Got ya - see your there around 7:15ish! - thanx


----------



## NormStrm (Sep 6, 2003)

markTT225 said:


> Hi Norm, add me to the (long!) list please


You're on the list [smiley=thumbsup.gif]


----------



## NormStrm (Sep 6, 2003)

Love_iTT said:


> I'll pop my vernier in the boot as well Paul just in case Norm forgets the Micrometer :roll: :wink:


Micrometer and a brace of vernier guages in the boot already 8) plus a couple of blocks if we need to use the vernier


----------



## NormStrm (Sep 6, 2003)

scoTTy said:


> Thanks for the tools guys. I also think you'll be interested in the state of the ECS disks that I want to measure. :?
> 
> They want the thickness as I think they believe I wore them down too much. In effect they only did 8000 light miles and no track days ... although there was a 'ring trip but it was soaking wet so no real braking effort needed.

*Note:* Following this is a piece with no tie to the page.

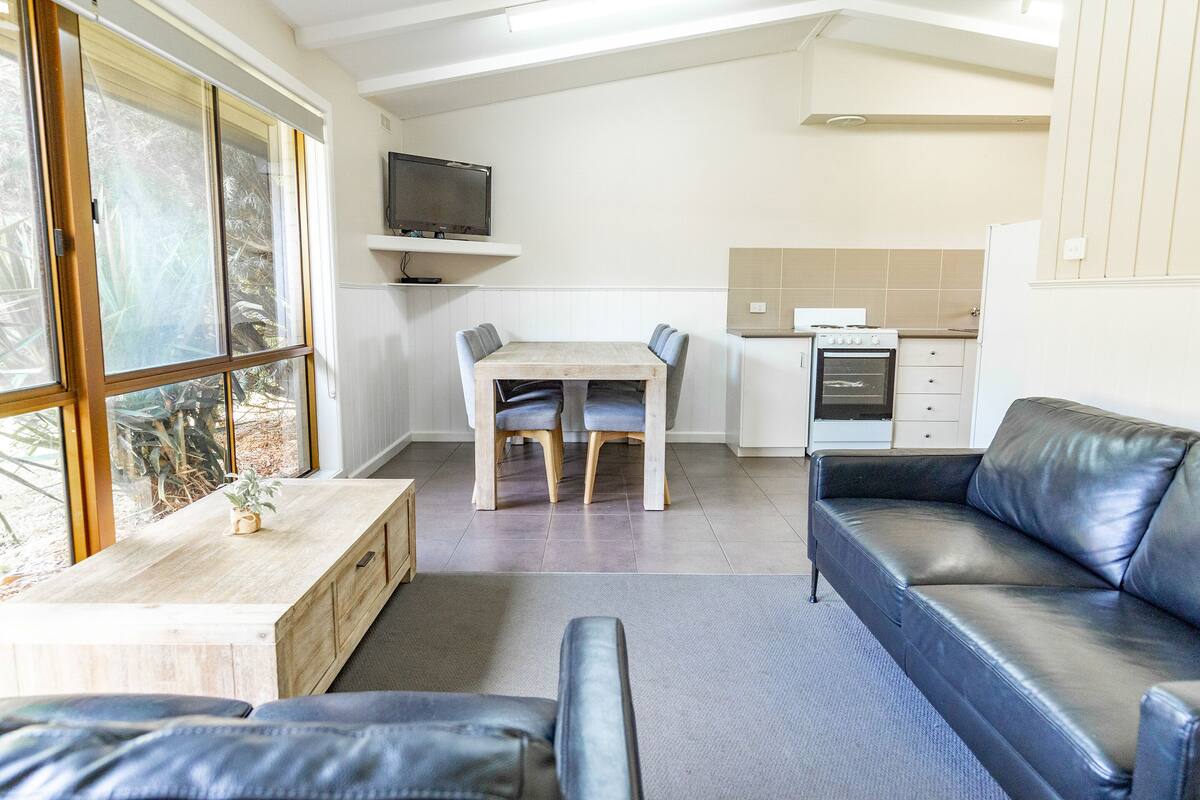 A compact living space with a dining area, a sofa, and a kitchen.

Ah but what has been happening when you're not driving the car


----------



## scoTTy (May 6, 2002)

Good point. It is her car afterall! :lol:


----------



## was (Mar 24, 2003)

Hi Norman

im sorry I cant make this one, there is no way I can make it from China in time :?

looks like you will have a great turnout, have fun guys [smiley=thumbsup.gif]


----------



## NormStrm (Sep 6, 2003)

was said:


> im sorry I cant make this one, there is no way I can make it from China in time :?


Tsk lite weight :wink: hope you have had a good trip and safe journey home.



was said:


> looks like you will have a great turnout, have fun guys [smiley=thumbsup.gif]


Yep, more like a we used to have 8) must be because Graham (Love_iTT) is making a guest apperance [smiley=thumbsup.gif]


----------



## Mayur (Jan 29, 2004)

moley said:


> Be great to see you again Mayur. What will you be driving?
> 
> Moley


Moley, looking forward to the evening. Will be in my Renault Migrane!


----------



## markTT225 (Apr 8, 2004)

Arrrrggghh!!! More trouble with the TT. The clutch pedal snapped this morning on the way to work on the A414 near Hatfield. It caused traffic chaos!  I eventually got the car picked up and now it's sitting at a VW specialist in St Albans (M Chapman Autos). Wont be ready until the middle of next week though   . Spooky really as I was chatting to Was and TTej about their clutch pedals breaking at the last Bucks meet!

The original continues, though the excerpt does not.